START Collected material
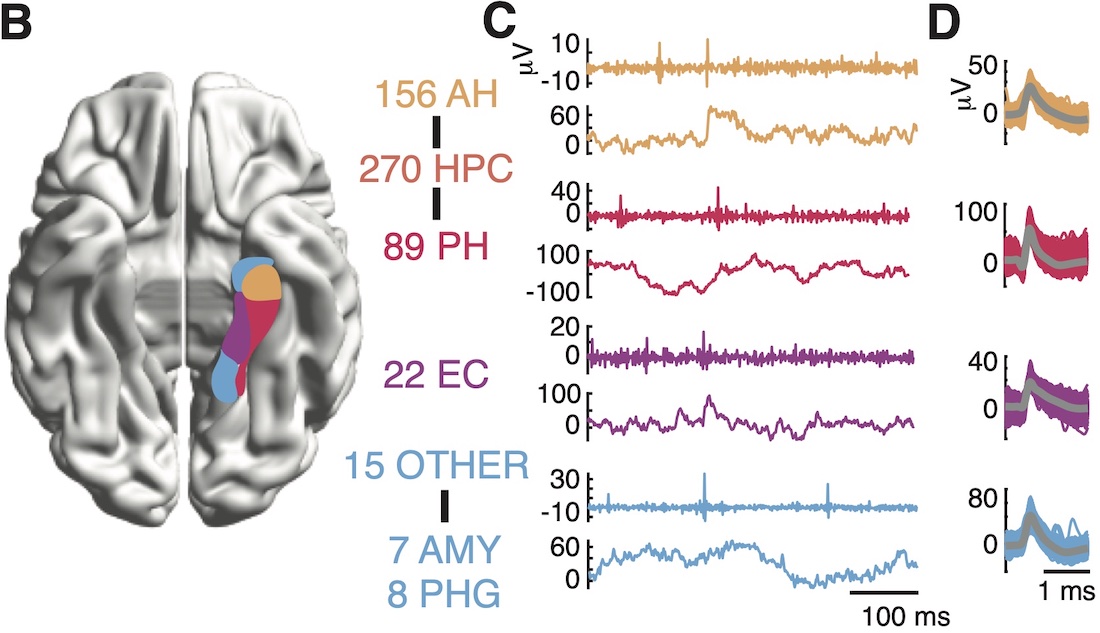 Dr. Bradley Lega and colleagues recorded single-neuron brain activity from memory-relevant regions of the brain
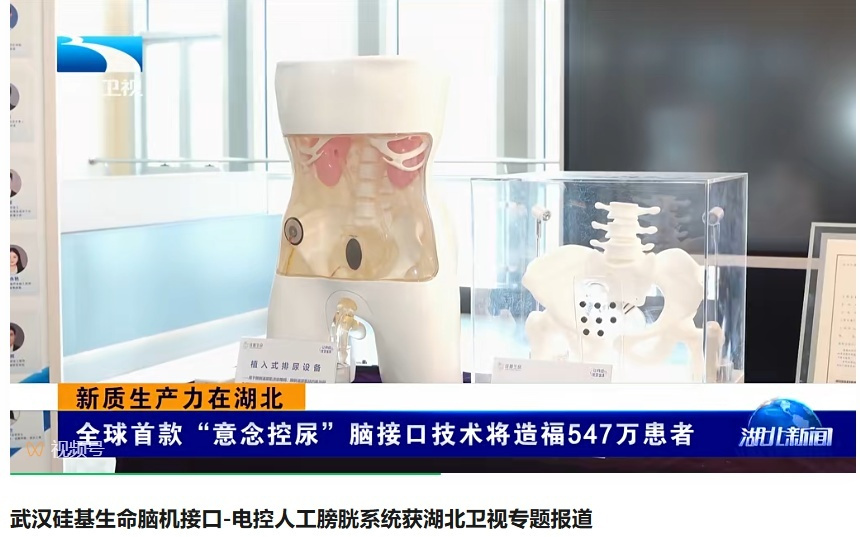 国内企业研发全球首款脑控“人工膀胱”系统，未来还有人工括约肌
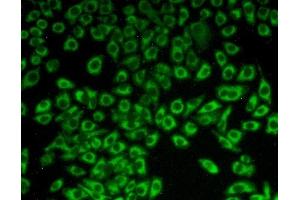 Detection of C1QBP in Hela cells using Polyclonal Antibody to Complement component 1 Q subcomponent-binding protein, mitochondrial (C1QBP) (C1QBP antibody  (AA 71-278))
END Collected material
▸ **Exercise prompt**: When you write out the material, reproduce each line exactly and omit any picture it holds.

▸ **Exercise solution**:
 Dr. Bradley Lega and colleagues recorded single-neuron brain activity from memory-relevant regions of the brain
 国内企业研发全球首款脑控“人工膀胱”系统，未来还有人工括约肌
 Detection of C1QBP in Hela cells using Polyclonal Antibody to Complement component 1 Q subcomponent-binding protein, mitochondrial (C1QBP) (C1QBP antibody  (AA 71-278))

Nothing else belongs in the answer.